The task.
Don't include any picture when you restate the data word for word.

Information provided.
☆ ☆ ☆

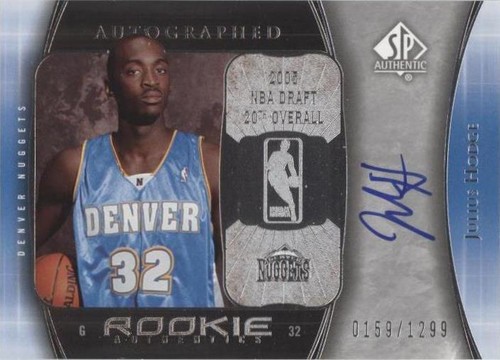 2005-06 SP Authentic - Julius Hodge #110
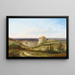 Uitzicht op het kasteel Haunsheim in het district Dillingen aan de Donau - Pieter Franciscus Peters — ingelijst kunstwerk aan de muur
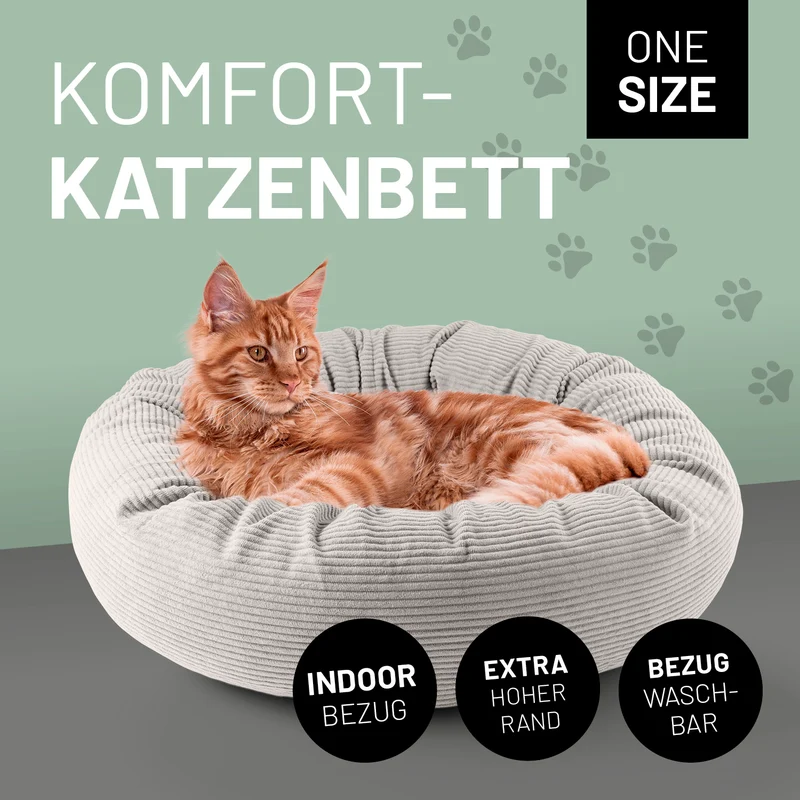Komfort-Katzenbett Cord - One Size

☆ ☆ ☆

Answer section.
 2005-06 SP Authentic - Julius Hodge #110
 Uitzicht op het kasteel Haunsheim in het district Dillingen aan de Donau - Pieter Franciscus Peters — ingelijst kunstwerk aan de muur
Komfort-Katzenbett Cord - One Size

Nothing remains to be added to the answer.